- Exercise instructions
Line by line, print the records exactly as they are, dropping the pictures.

(Stored data entries)
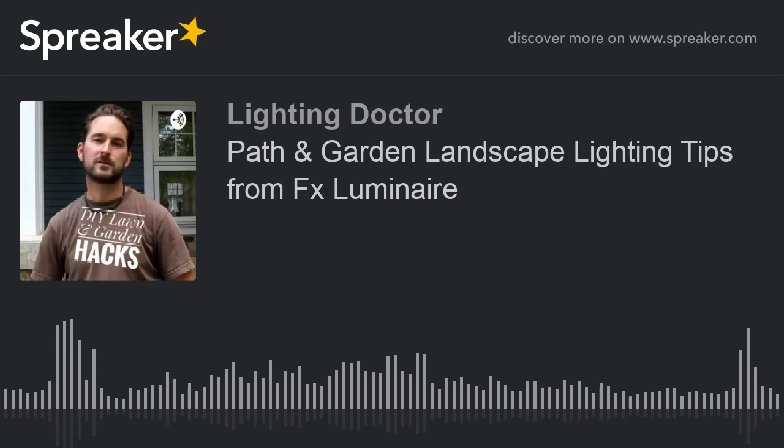The podcast you just heard was made using Anchor. Ever thought about making your own podcast? Anchor makes it really easy for anyone to get started — it's a one-stop shop for recording, hosting, and distributing podcasts. Best of all, it's 100% free. Sign up now at anchor.fm/new to get started.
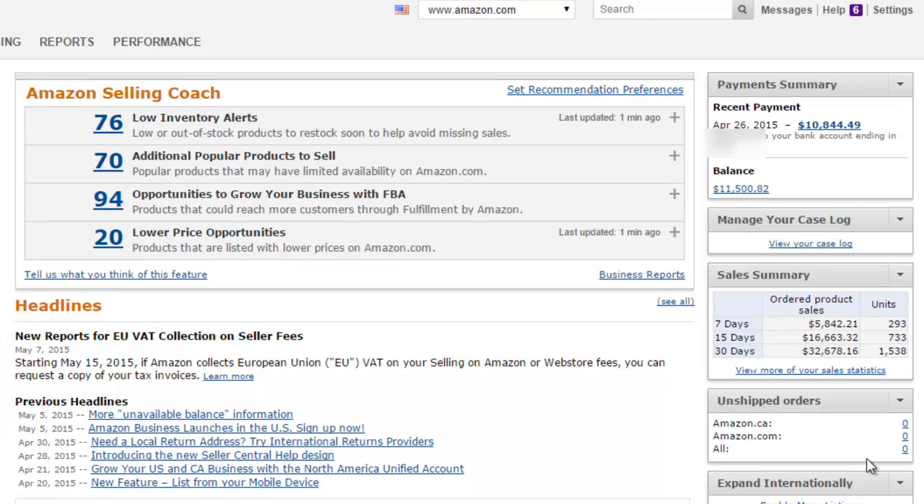Hey guys, I just wanted to make a quick video showing you guys how to list a product. I'm going to go step by step of how to list a product in Amazon Seller Central. For this item, we're going to be listing a product that already has a listing on Amazon. We're just going to be adding our seller name to that listing and then sending the product in to Amazon FBA warehouses. They'll fulfill the product when they get it and a customer purchases the item.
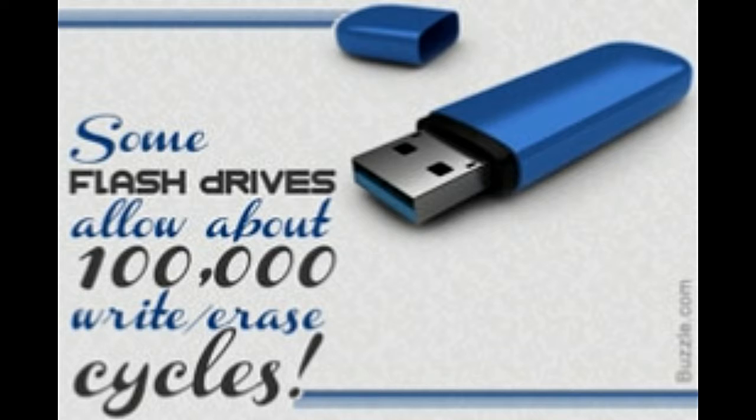A flash drive consists of a PCB — that is, a printed circuit board — covered in a plastic or rubber casing, which makes it sturdy. A USB connector that protrudes out is covered with a removable cap. Most flash drives use Type-A USB connection, making them compatible with standard Type-A receptacles, so they can be connected directly to a port on your computer.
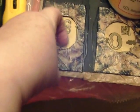Here are some pockets I made to put photographs in, in the front. I'll show the completed project when it's all done.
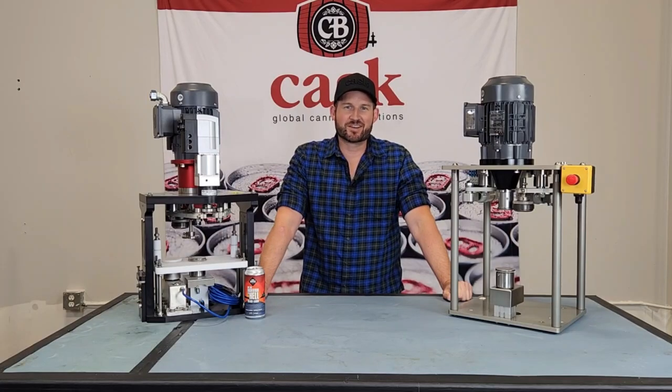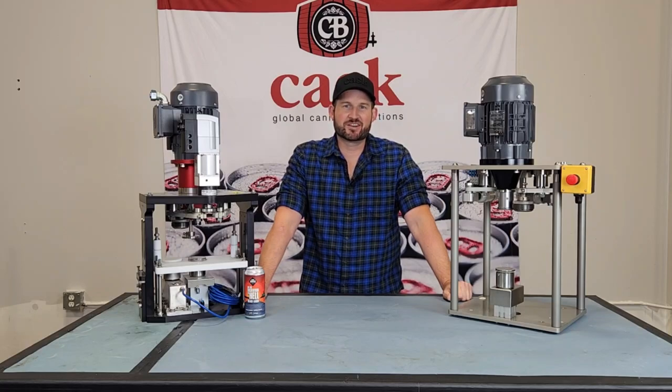This is CASC Tech Tips, I'm Mike. If you watched one of our previous videos about the pre-operational bearing check you want to do on our seamers and you notice any movement in those bearing assemblies, it's probably a good idea to get them serviced.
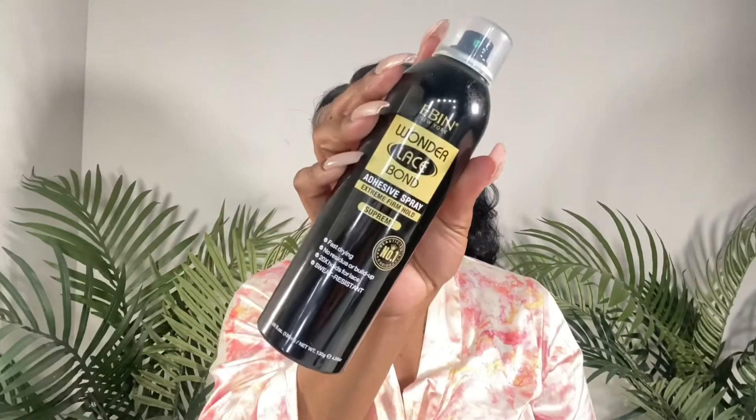To install the wig, I rolled the lace back and went in with my ebony adhesive spray along my hairline. I went in with one layer underneath the lace, then pulled the lace on top, stuck the lace and hair into the adhesive, and then sprayed another layer on top of that.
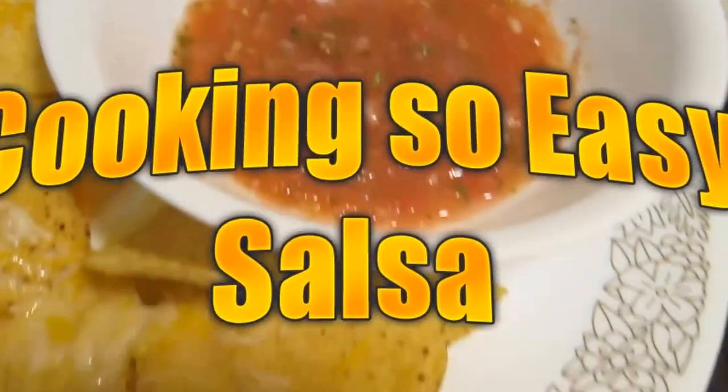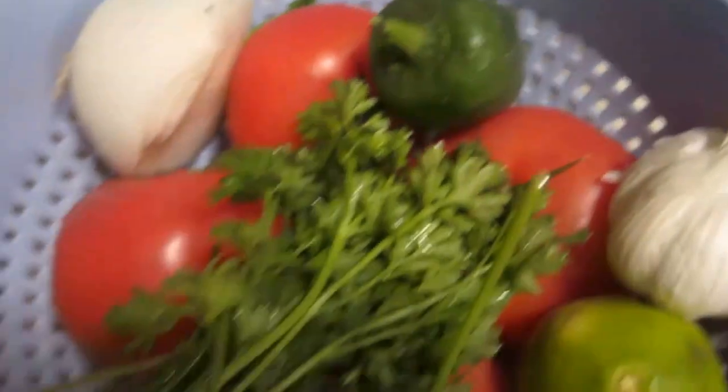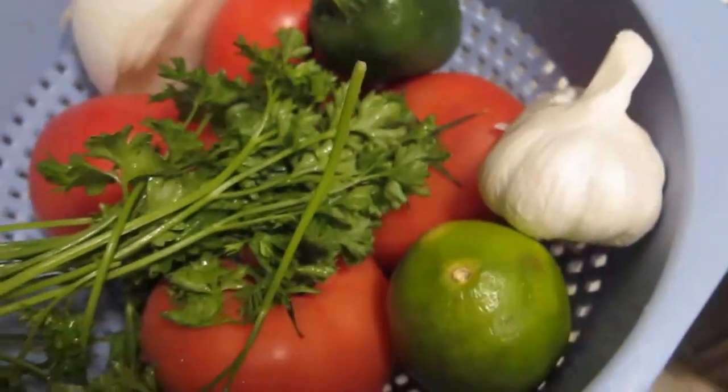Cookin' so easy, let's make salsa. Tomatoes, onion, jalapeno, cilantro, garlic, and lime. Remember to adjust the ingredients to taste, but here's a nice base.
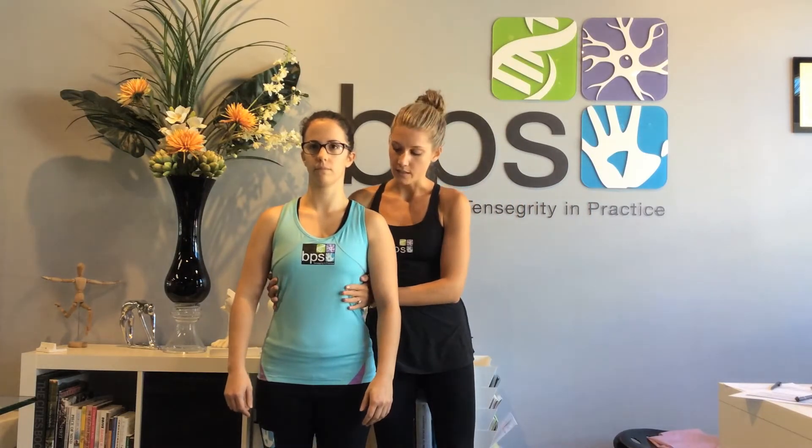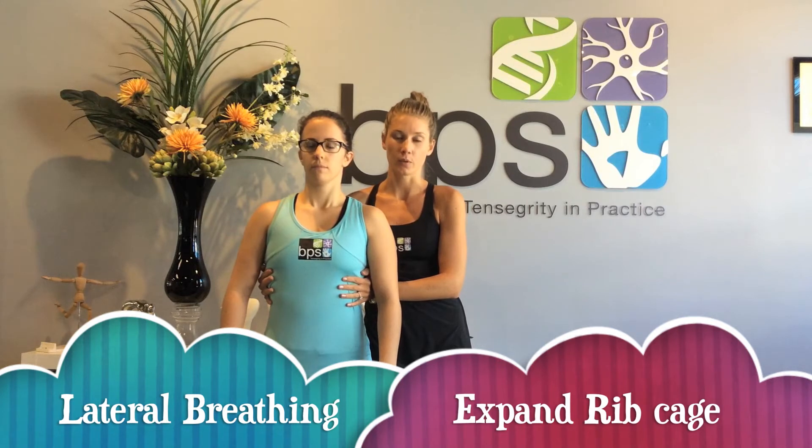If we have a look at Sylvia, generally what we want in Pilates is for people to be breathing into the side of their rib cage. As Sylvia takes a breath you can see my hands open up, and as she breathes out they come closer together. That's perfect Pilates breathing and perfect postural breathing.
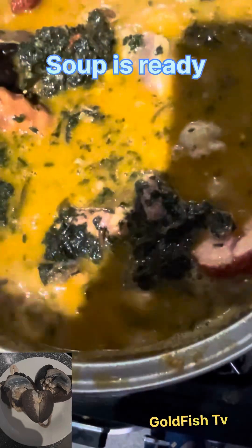When they eat this soup, they will be jolly and enjoy themselves. I love this soup so much — the meat, the fish, everything in it. I love you guys! I will see you again in my next one. Enjoy this soup — I enjoyed mine with oats meal. You can enjoy it with any swallow of your choice.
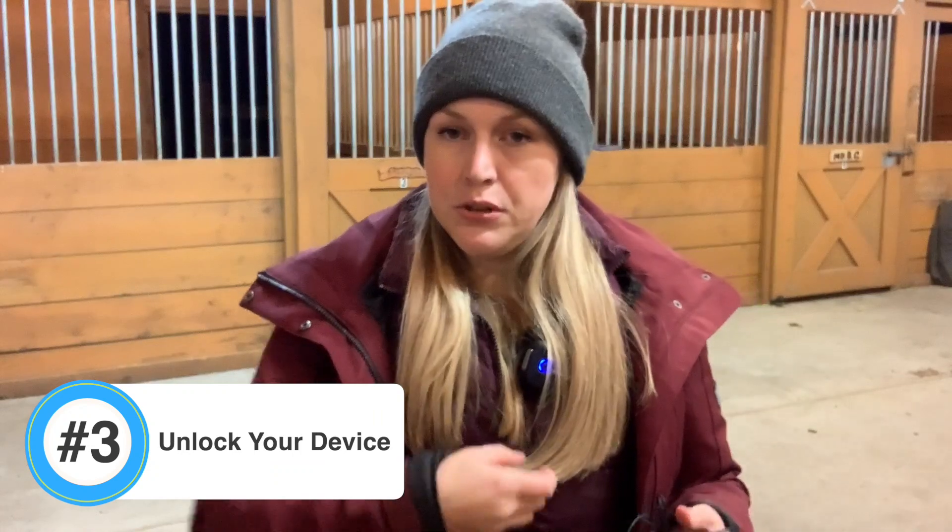Make sure your phone is unlocked. A lot of us use the shortcut on our home screen to access our cameras, but for whatever reason that will not allow the device to work. So make sure your phone is unlocked, then go to your camera app, and then you will see the little blue light come on to let you know that it's working.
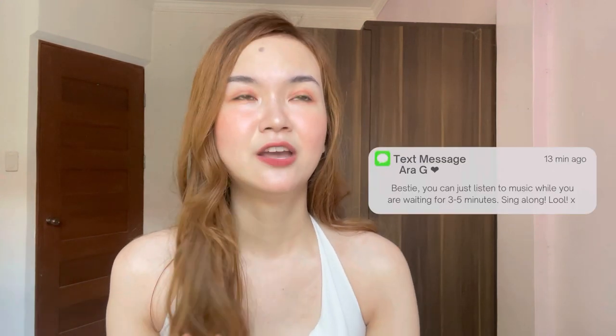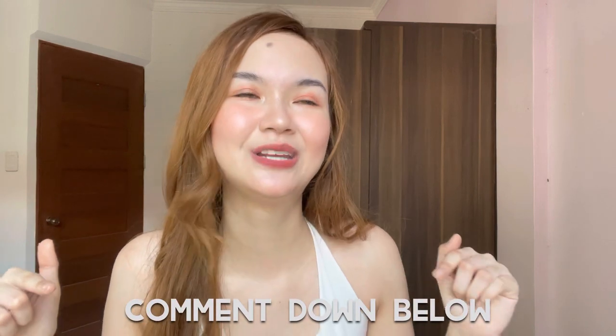A lot of you asked what I do during those three to five minutes while I wait. What I usually do is listen to music — three to five minutes is about two to three songs, so I just sing along. Comment down below if you also listen to music while waiting, and share what songs you usually listen to!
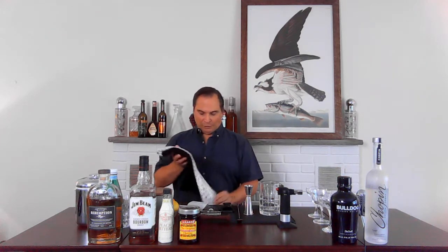Gotta put my stole on. It's got little towels on it — it keeps everything neat, clean, and organized. What do you think of the new set? It'll do for now.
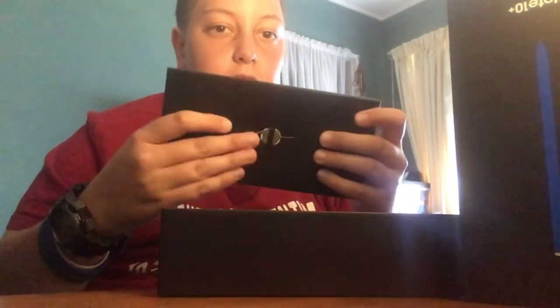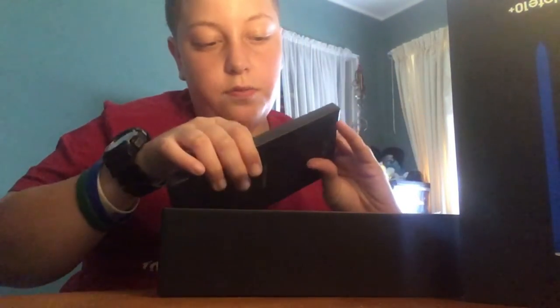So the first thing we get to see is the SIM injection tool, which is pretty cool. We pull this out — once again we've got our flash new case and boring instructions.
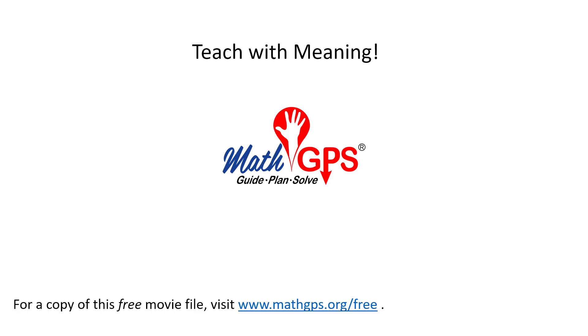This movie is produced by Math GPS. Go to our website to download a free file. Share with other teachers and have a great day!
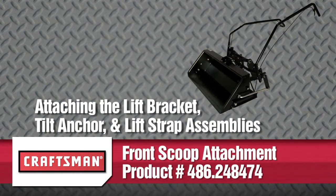In this segment, you'll see how to attach the lift bracket, tilt anchor, and lift strap assemblies to your front scoop.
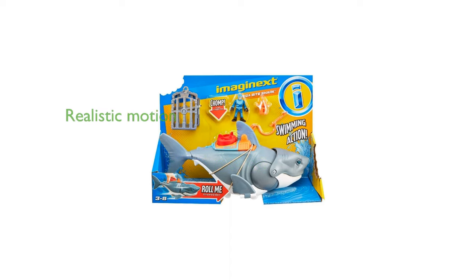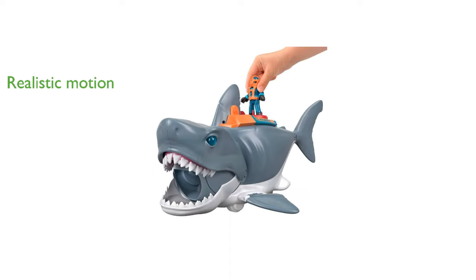Rolling the shark along the floor activates its head and fin to mimic a lifelike swimming motion. Pressing the power pad triggers an impressive chomping action that kids will find incredibly fun. Designed for children aged 3 to 8 years, this toy promises hours of engaging and creative play.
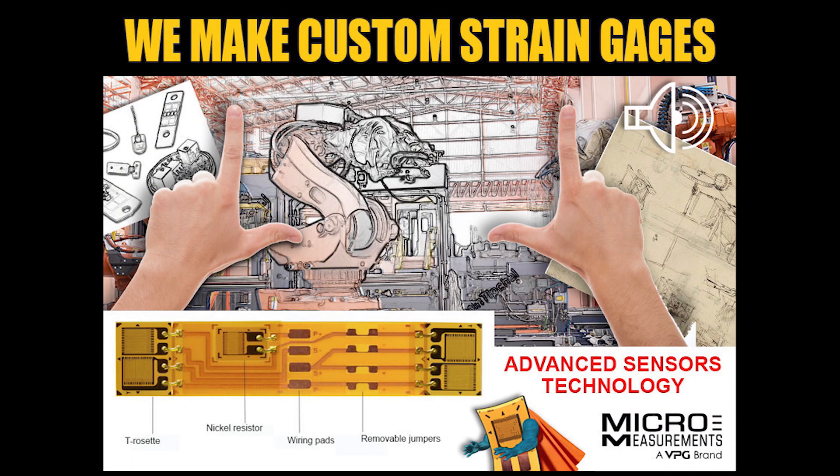Hey Daryl, what are you working on? Hey Colin, I've just started with a layout for a good customer of ours in the oil field industry that makes equipment that goes down hole.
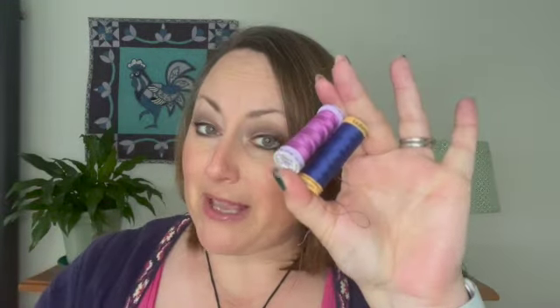Just know that the 50 weight thread is the standard stitching-things-together thread. That's the one that you need. If you're sewing clothes, dressmaking, bag making or whatever, you still need a 50 weight thread — you just need polyester. So 50 weight thread. When we get to quilting, this is your piecing thread.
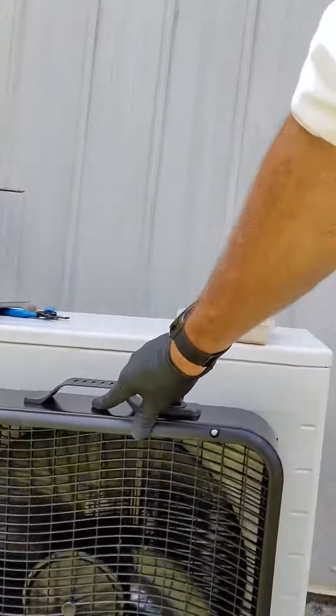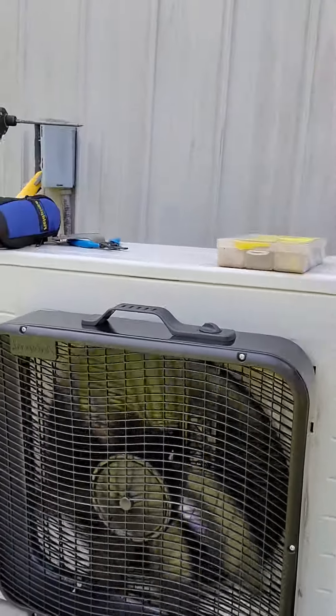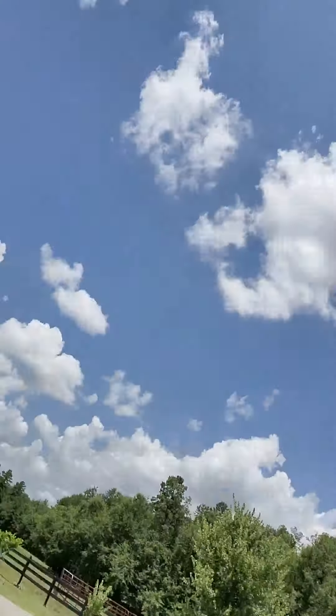So we were able to fasten it on with screws to the front of the unit right there. That was actually the second one we did. The first one here was the one I came to work on originally, right here.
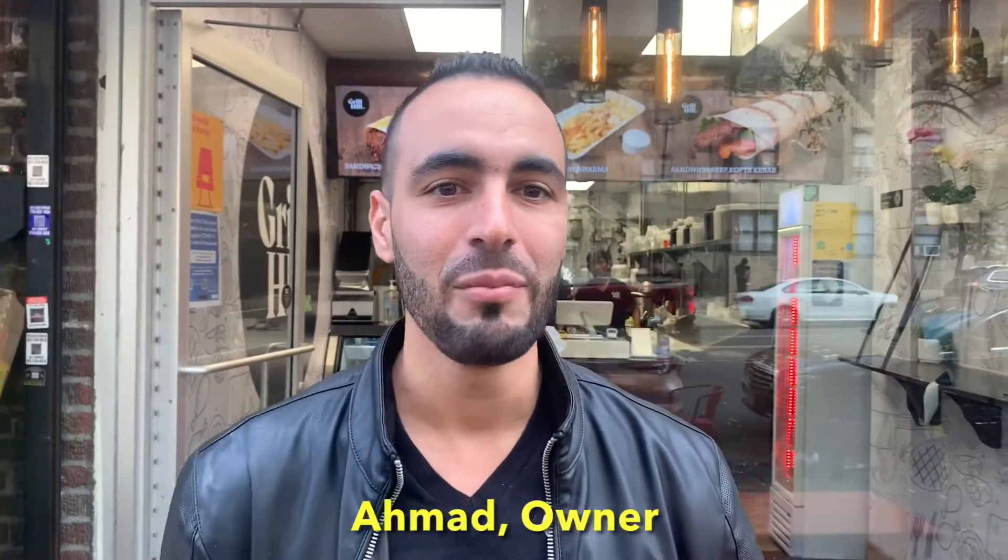Hi, this is Ahmad. I'm the Grill Hill restaurant owner. We are open in the Norwood area on East Gun Hill Road. Let me show you around what we have here.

- Your response
The podcast you just heard was made using Anchor. Ever thought about making your own podcast? Anchor makes it really easy for anyone to get started — it's a one-stop shop for recording, hosting, and distributing podcasts. Best of all, it's 100% free. Sign up now at anchor.fm/new to get started.
Hey guys, I just wanted to make a quick video showing you guys how to list a product. I'm going to go step by step of how to list a product in Amazon Seller Central. For this item, we're going to be listing a product that already has a listing on Amazon. We're just going to be adding our seller name to that listing and then sending the product in to Amazon FBA warehouses. They'll fulfill the product when they get it and a customer purchases the item.
A flash drive consists of a PCB — that is, a printed circuit board — covered in a plastic or rubber casing, which makes it sturdy. A USB connector that protrudes out is covered with a removable cap. Most flash drives use Type-A USB connection, making them compatible with standard Type-A receptacles, so they can be connected directly to a port on your computer.
Here are some pockets I made to put photographs in, in the front. I'll show the completed project when it's all done.
This is CASC Tech Tips, I'm Mike. If you watched one of our previous videos about the pre-operational bearing check you want to do on our seamers and you notice any movement in those bearing assemblies, it's probably a good idea to get them serviced.
To install the wig, I rolled the lace back and went in with my ebony adhesive spray along my hairline. I went in with one layer underneath the lace, then pulled the lace on top, stuck the lace and hair into the adhesive, and then sprayed another layer on top of that.
Cookin' so easy, let's make salsa. Tomatoes, onion, jalapeno, cilantro, garlic, and lime. Remember to adjust the ingredients to taste, but here's a nice base.
If we have a look at Sylvia, generally what we want in Pilates is for people to be breathing into the side of their rib cage. As Sylvia takes a breath you can see my hands open up, and as she breathes out they come closer together. That's perfect Pilates breathing and perfect postural breathing.
When they eat this soup, they will be jolly and enjoy themselves. I love this soup so much — the meat, the fish, everything in it. I love you guys! I will see you again in my next one. Enjoy this soup — I enjoyed mine with oats meal. You can enjoy it with any swallow of your choice.
Make sure your phone is unlocked. A lot of us use the shortcut on our home screen to access our cameras, but for whatever reason that will not allow the device to work. So make sure your phone is unlocked, then go to your camera app, and then you will see the little blue light come on to let you know that it's working.
A lot of you asked what I do during those three to five minutes while I wait. What I usually do is listen to music — three to five minutes is about two to three songs, so I just sing along. Comment down below if you also listen to music while waiting, and share what songs you usually listen to!
Gotta put my stole on. It's got little towels on it — it keeps everything neat, clean, and organized. What do you think of the new set? It'll do for now.
So the first thing we get to see is the SIM injection tool, which is pretty cool. We pull this out — once again we've got our flash new case and boring instructions.
This movie is produced by Math GPS. Go to our website to download a free file. Share with other teachers and have a great day!
In this segment, you'll see how to attach the lift bracket, tilt anchor, and lift strap assemblies to your front scoop.
Rolling the shark along the floor activates its head and fin to mimic a lifelike swimming motion. Pressing the power pad triggers an impressive chomping action that kids will find incredibly fun. Designed for children aged 3 to 8 years, this toy promises hours of engaging and creative play.
Hey Daryl, what are you working on? Hey Colin, I've just started with a layout for a good customer of ours in the oil field industry that makes equipment that goes down hole.
Just know that the 50 weight thread is the standard stitching-things-together thread. That's the one that you need. If you're sewing clothes, dressmaking, bag making or whatever, you still need a 50 weight thread — you just need polyester. So 50 weight thread. When we get to quilting, this is your piecing thread.
So we were able to fasten it on with screws to the front of the unit right there. That was actually the second one we did. The first one here was the one I came to work on originally, right here.
Hi, this is Ahmad. I'm the Grill Hill restaurant owner. We are open in the Norwood area on East Gun Hill Road. Let me show you around what we have here.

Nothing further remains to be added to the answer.